2. Building resilience:
Preparation ensures organizations can absorb and recover from shocks. Whether it’s managing cash flow during economic downturns or diversifying revenue streams, resilience is key to long-term success.
3. Empowering decisions:
When teams are prepared, they can act quickly and decisively, even with incomplete information. A culture of agility minimizes delays and maximizes responsiveness.
4. Mitigating risks:
Preparation identifies risks before they become problems. For example, a CFO might stress-test financial models, secure flexible credit lines, or build redundancies in supply chains to ensure stability.
5. Inspiring confidence:
Stakeholders, including investors and employees, value organizations that exhibit foresight and readiness. Preparation builds trust and reinforces the company’s reputation as a reliable and proactive entity.
Balancing planning and preparation
Strategic planning and preparation are not opposing forces—they complement each other. As a CFO, your role is to integrate both into a cohesive strategy. Here’s how:
1. Scenario planning:
Develop multiple financial and operational scenarios. For example, create strategies for optimistic, pessimistic, and baseline projections to ensure agility.
2. Flexible budgeting:
Adopt rolling forecasts to keep financial plans adaptable to real-time changes (easier said than done – especially small firms).
3. Fostering agility:
Encourage cross-departmental collaboration and invest in systems that streamline decision-making and execution.
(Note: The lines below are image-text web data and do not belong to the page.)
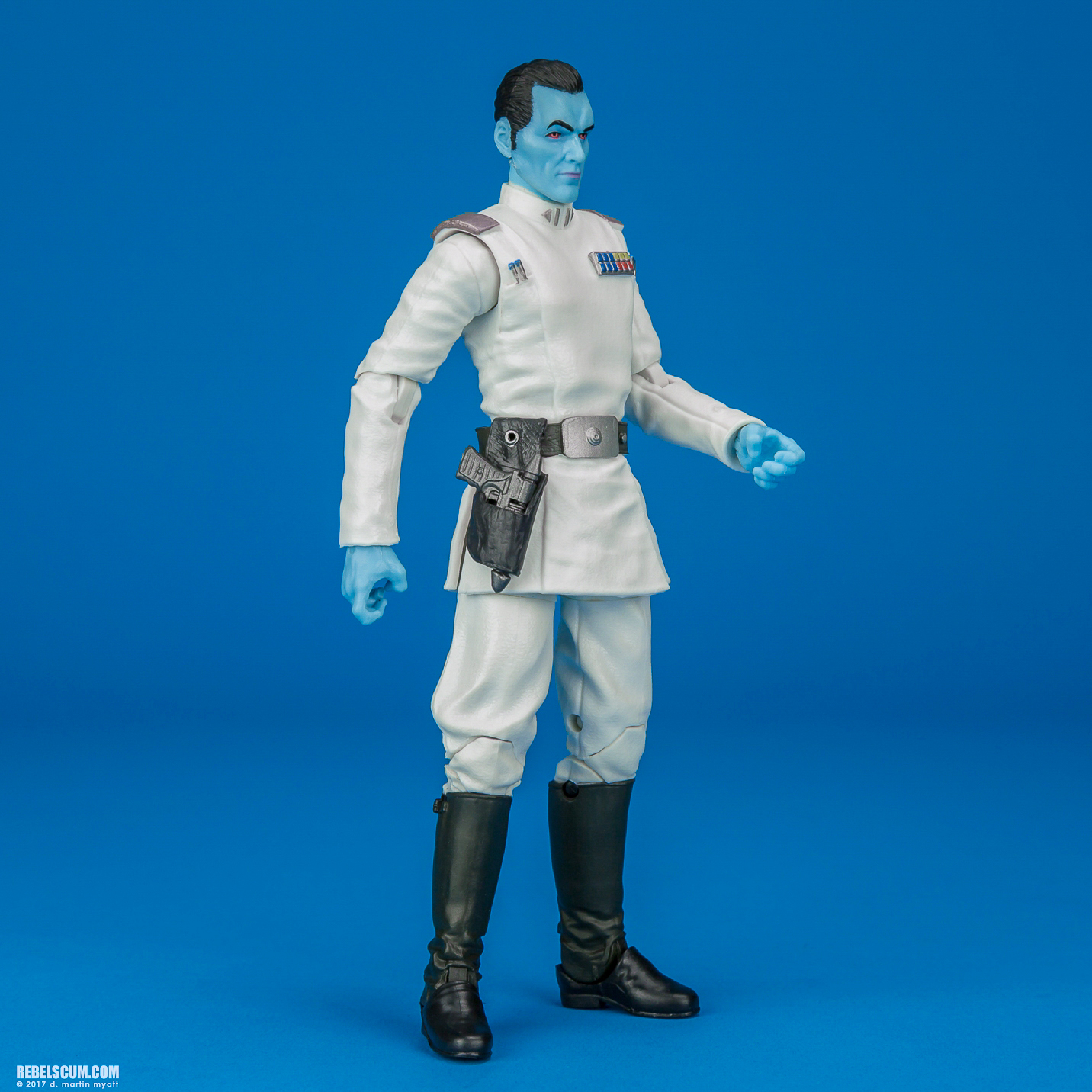 Grand-Admiral-Thrawn-47-The-Black-Series-6-Inch-002.jpg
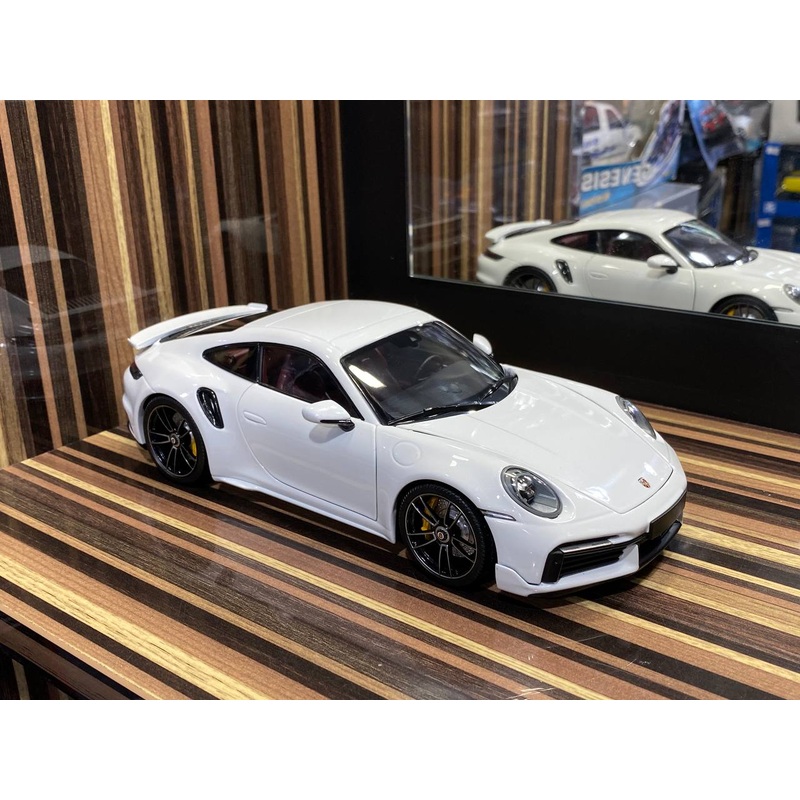 Minichamps 1/18 Porsche 911 Turbo S - All Opening Diecast (White)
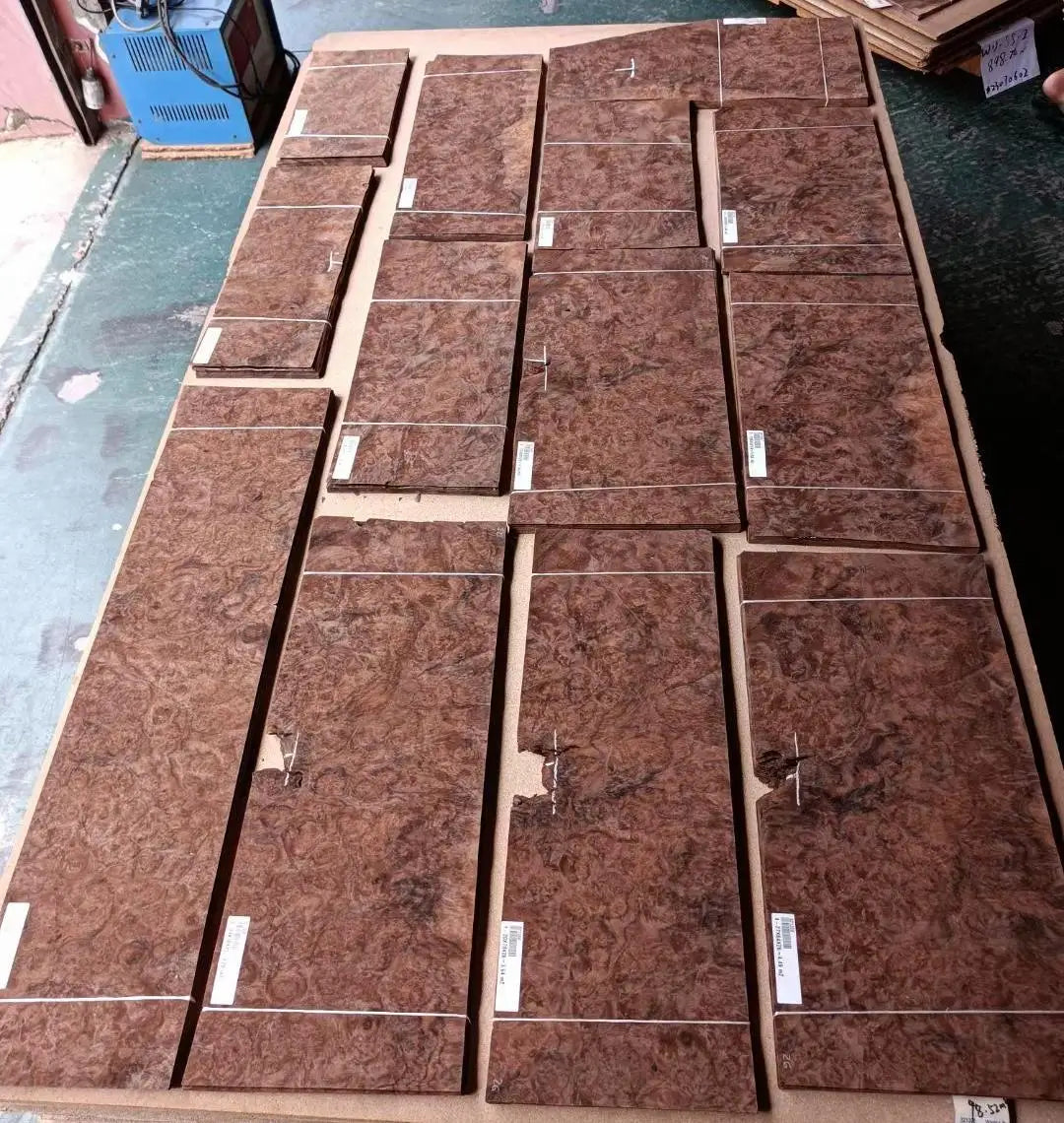 Wholesale Natural Walnut Burl Veneer Sheet 0.5mm Burl Veneer Walnut Burl Wood Sheet for Flooring Furniture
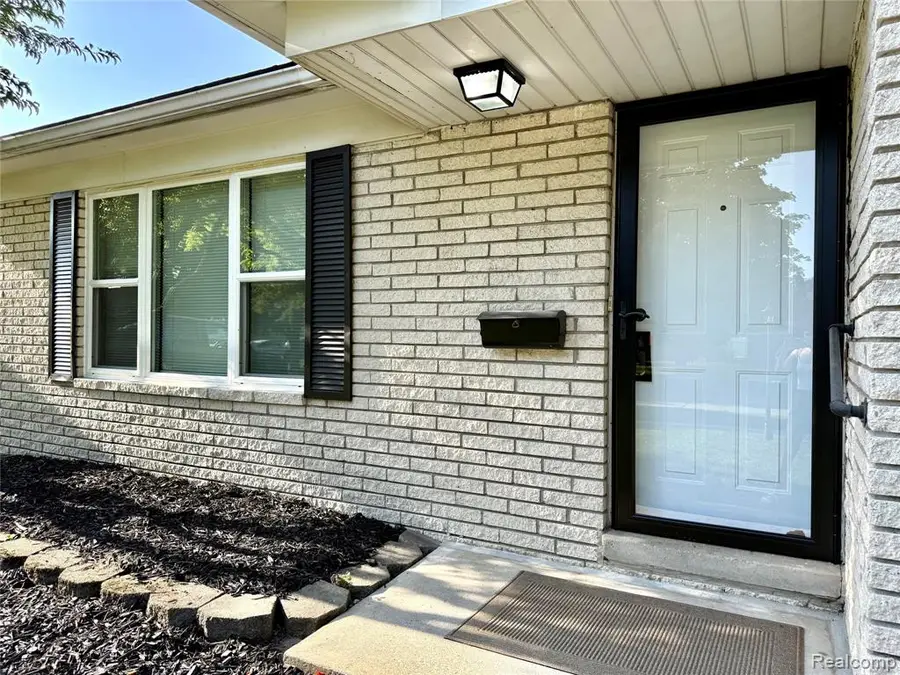39909 Lynn, Canton, MI 48187 - #2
4. Strengthening resilience:
Focus on initiatives that enhance stability, such as automating processes, diversifying revenue, and improving cybersecurity.
5. Continuous improvement:
Promote a culture that values learning and adapts based on past experiences and emerging trends.
6. Transparent communication:
Keep stakeholders informed about your preparedness to navigate uncertainty. This fosters trust and aligns everyone toward shared goals.
Example: Preparation in action
Imagine a mid-sized manufacturing firm grappling with rising raw material costs and supply chain bottlenecks. A CFO relying solely on planning might focus on locking in contracts or cutting costs. In contrast, a preparation-driven CFO would:
- Develop contingency plans, including alternative suppliers and buffer stock.
- Use predictive analytics to monitor material costs in real time.
- Diversify revenue streams by exploring new products or markets.
- Collaborate with operations to ensure the supply chain can pivot as needed.
By emphasizing preparation, the company is better equipped to weather disruptions and maintain competitiveness.
Final Thoughts
Both strategic planning and preparation play essential roles in business success. However, in today’s fast-changing environment, preparation often holds the edge. As a CFO, your ability to combine careful planning with well thought preparation ensures your organization is not only ready for the future but also capable of thriving amidst uncertainty.
Preparation builds resilience, fosters adaptability, and inspires confidence. While plans may change, readiness remains a constant asset. By championing strategic preparation, you position your organization for sustained success, regardless of what lies ahead.